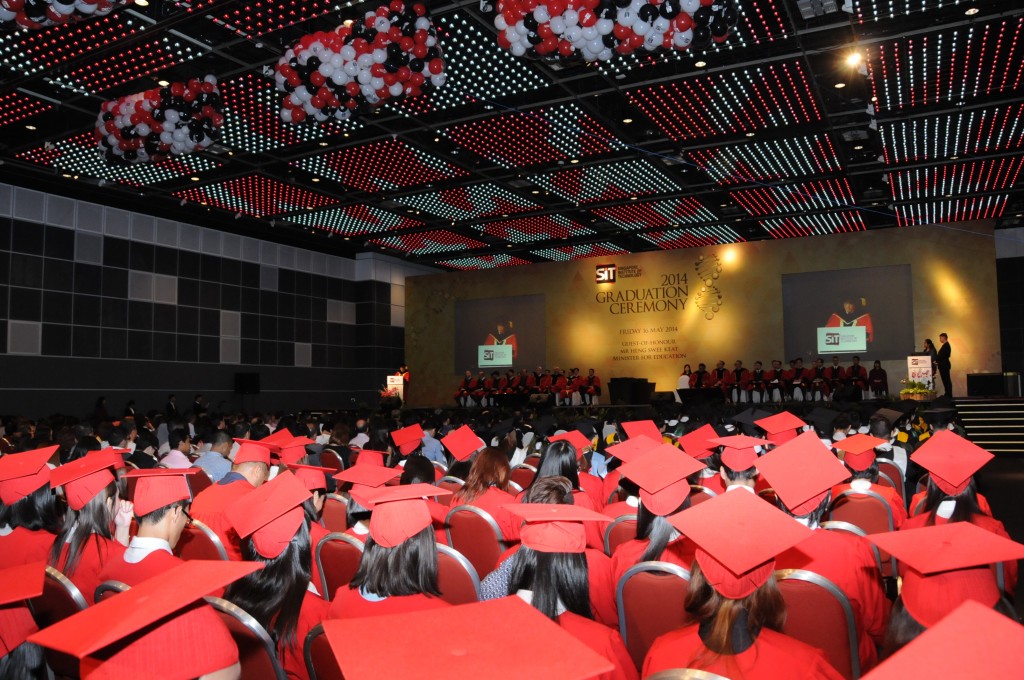 Students from the Technical University of Munich, in their red graduation gowns and caps listening to the opening address by guest of honour, Mr Heng Swee Keat, Minister for Education at the SIT Graduation Ceremony 2014 (16 March 2014). Photo | SIT
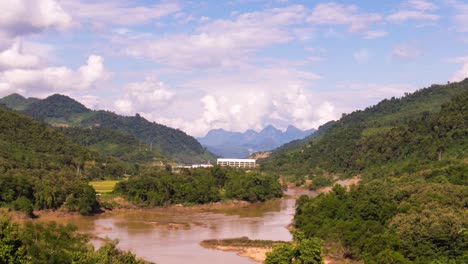 hydro power dam in a valley on a mekong subsidiary in north laos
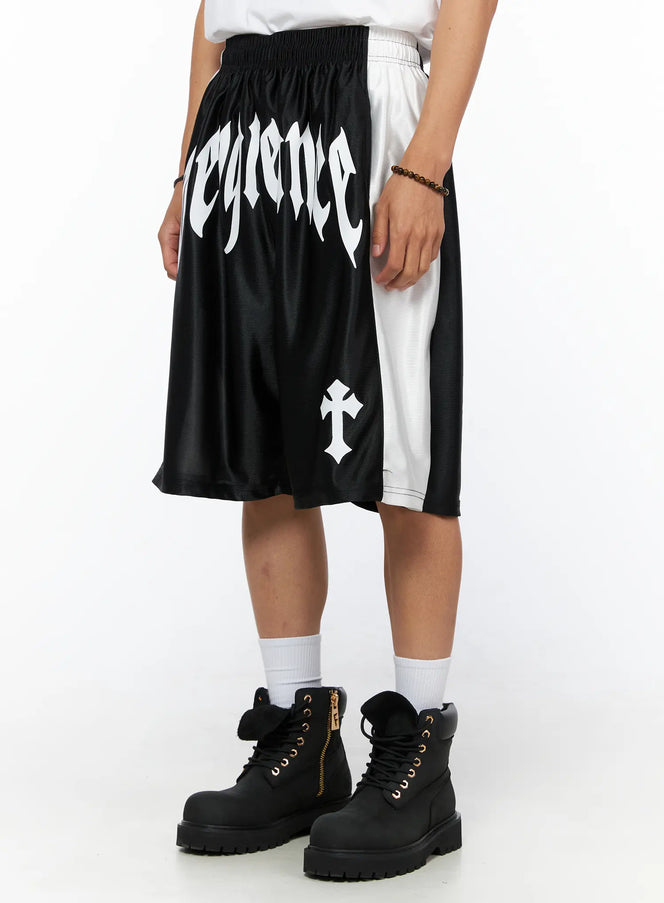 Men's Gothic Print Athletic Shorts IL515 Black angled front view on model showing gothic Vengeance text and white side panel with cross graphic detail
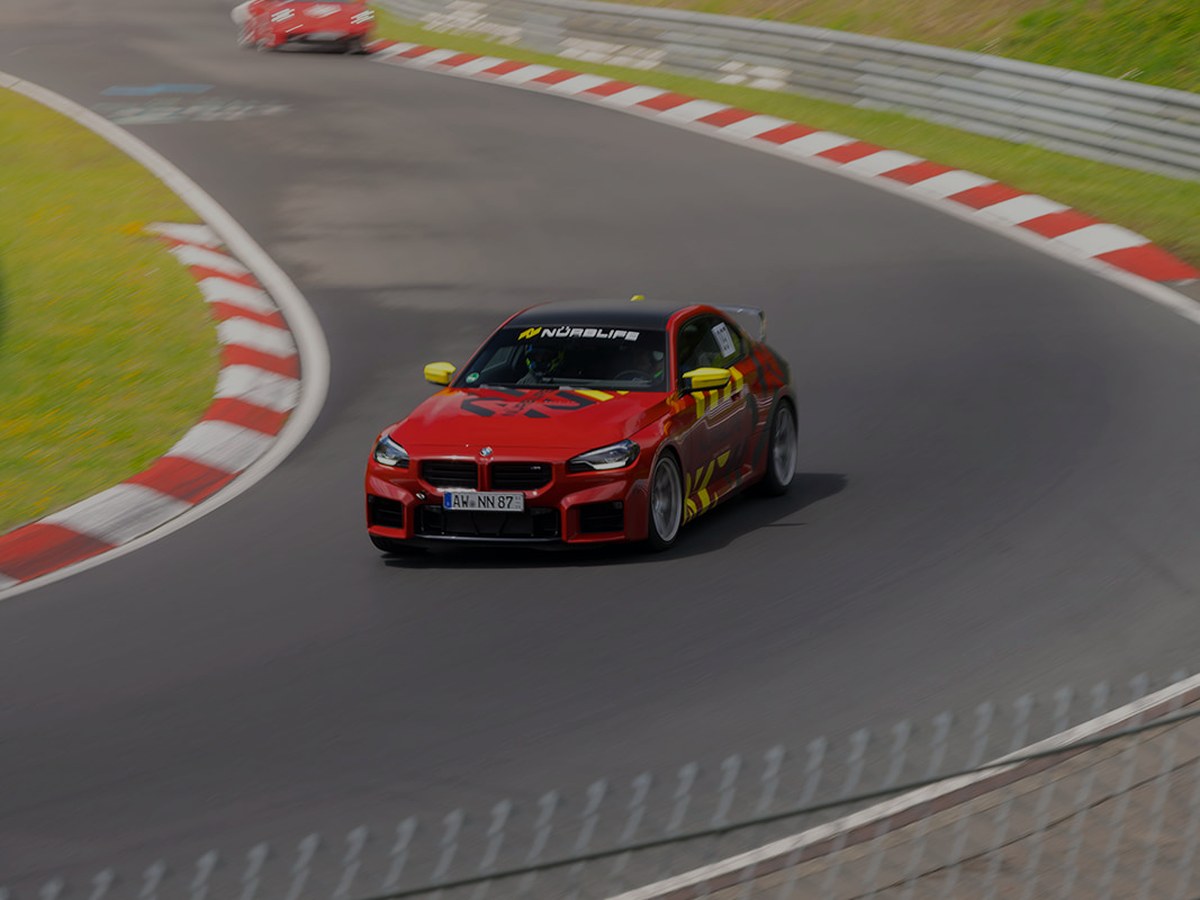 Rental car driving the Nürburgring Nordschleife through the Eifel forest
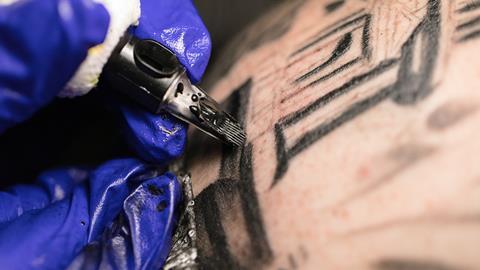 An image showing a closeup of the hand of a tattoo artist using a pen with black tattoo ink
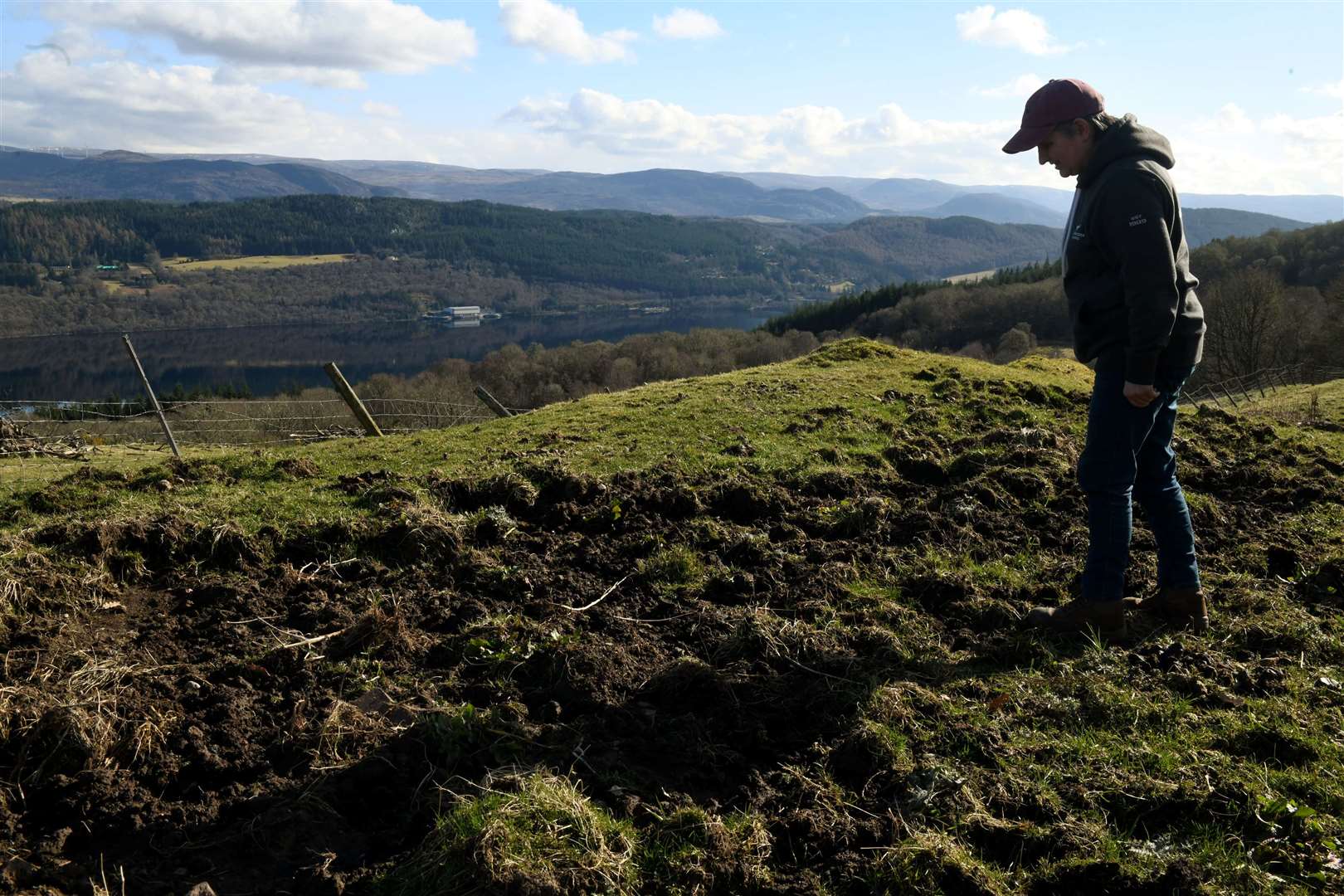 Catherine McLennan inspects the damaged grazing land. Picture: James Mackenzie.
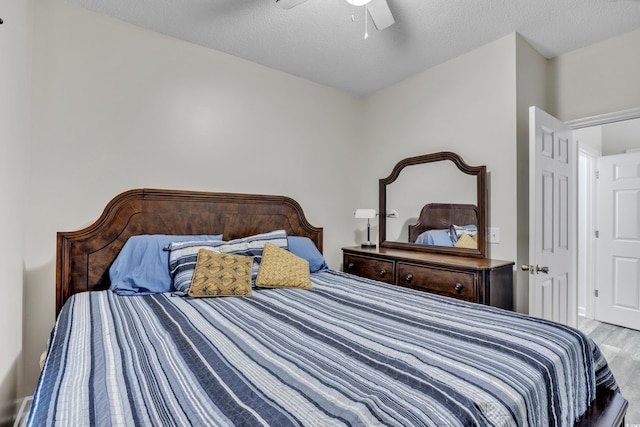 bedroom with a ceiling fan, a textured ceiling, and light wood-type flooring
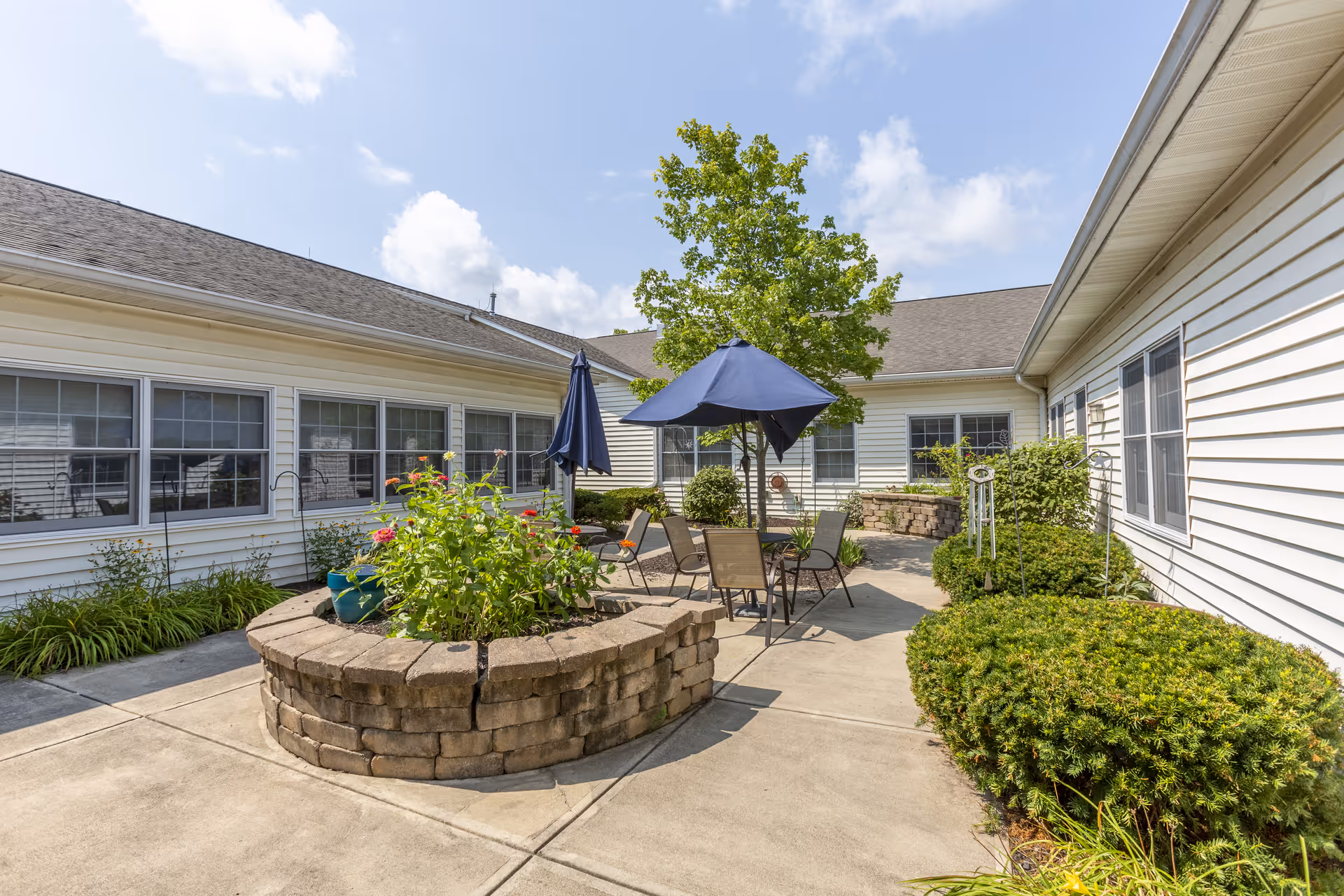 Outdoor courtyard area at Grand Victorian of Greenwood with a circular raised brick planter filled with flowers, patio tables and chairs with blue umbrellas, surrounded by white buildings and green bushes under a partly cloudy sky.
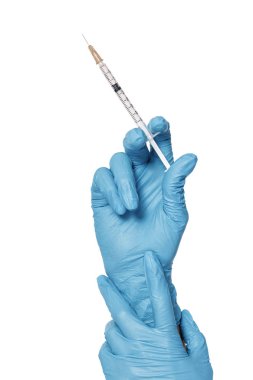 Mavi eldiven şırınga tutarak el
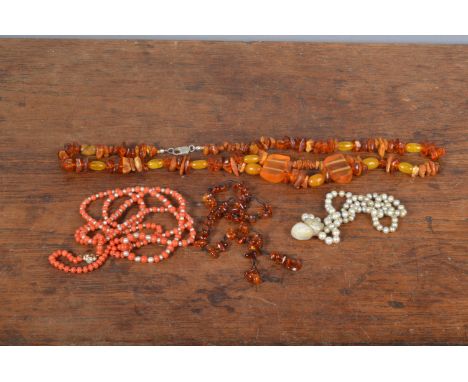 A small collection of organic jewels, including a string of coral and seed pearl beads on a 9ct gold seed pearl clasp, 53 cm 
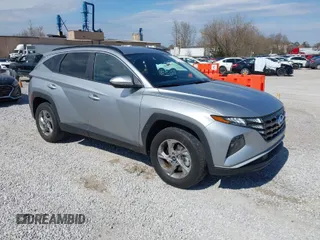 2022 Hyundai Tucson SEL z VIN 5NMJBCAE5NH157928, wystawiony jako IAAI lot #41874386 z przebiegiem 29 155 mil mil oraz . Historia ofert i sprzedaży dostępna na DreamBid. Obrazek 1.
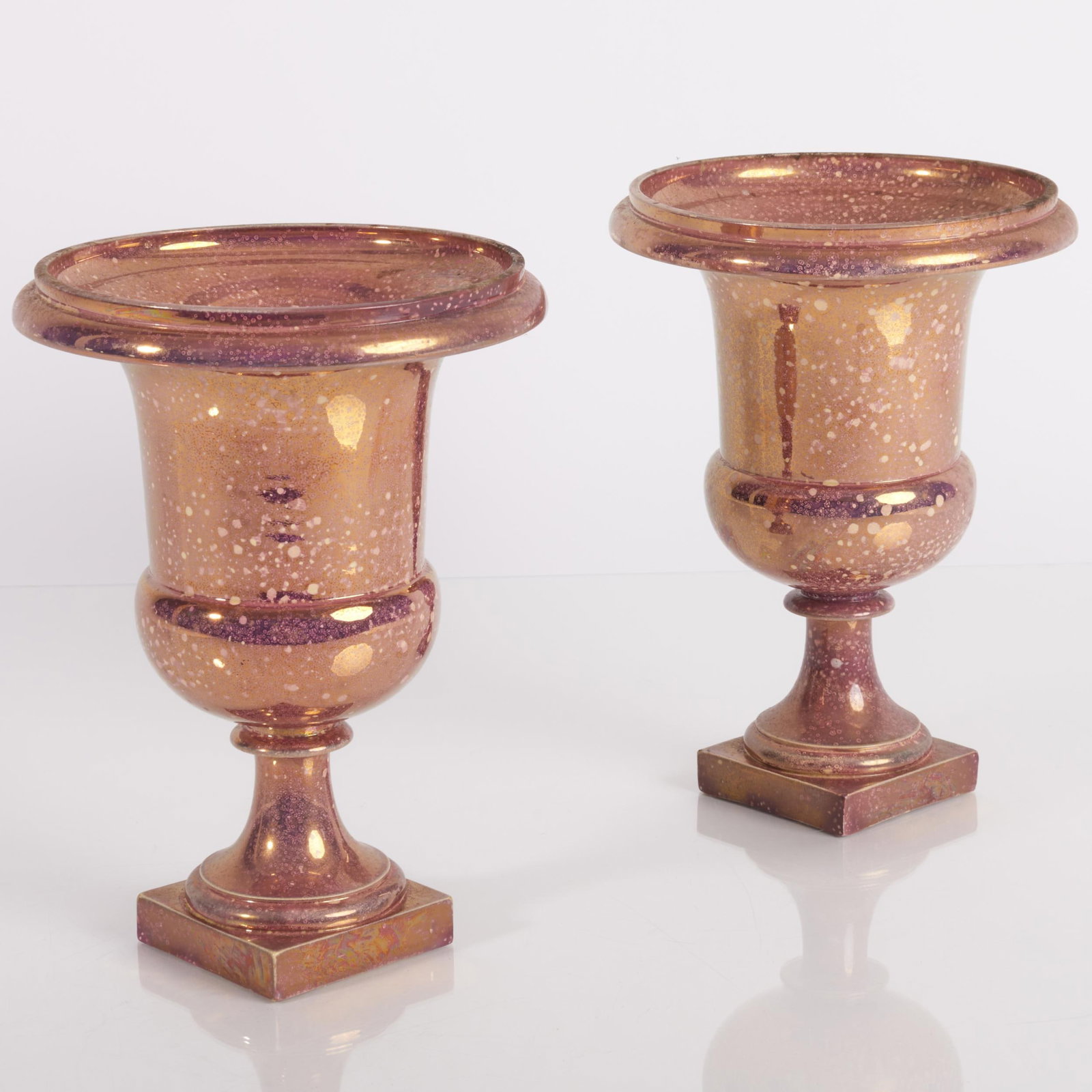 Pair of Sarreguemines Lusterware Urns: Pair of Sarreguemines Lusterware Urns . Indistinct impressed marks. 9 x 6 1/2 in. diam. The Collection of James M. Labaugh Antiques, Pound Ridge, NY.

→ **GOAL OF THE EXERCISE**
What do the entries above read from the line containing "Mavi eldiven şırınga tutarak el" through the line containing "2022 Hyundai Tucson"? Output those lines exactly, both ends included, with the pictures left out.

→ **SOLUTION FOR THIS PROBLEM**
 Mavi eldiven şırınga tutarak el
 A small collection of organic jewels, including a string of coral and seed pearl beads on a 9ct gold seed pearl clasp, 53 cm 
 2022 Hyundai Tucson SEL z VIN 5NMJBCAE5NH157928, wystawiony jako IAAI lot #41874386 z przebiegiem 29 155 mil mil oraz . Historia ofert i sprzedaży dostępna na DreamBid. Obrazek 1.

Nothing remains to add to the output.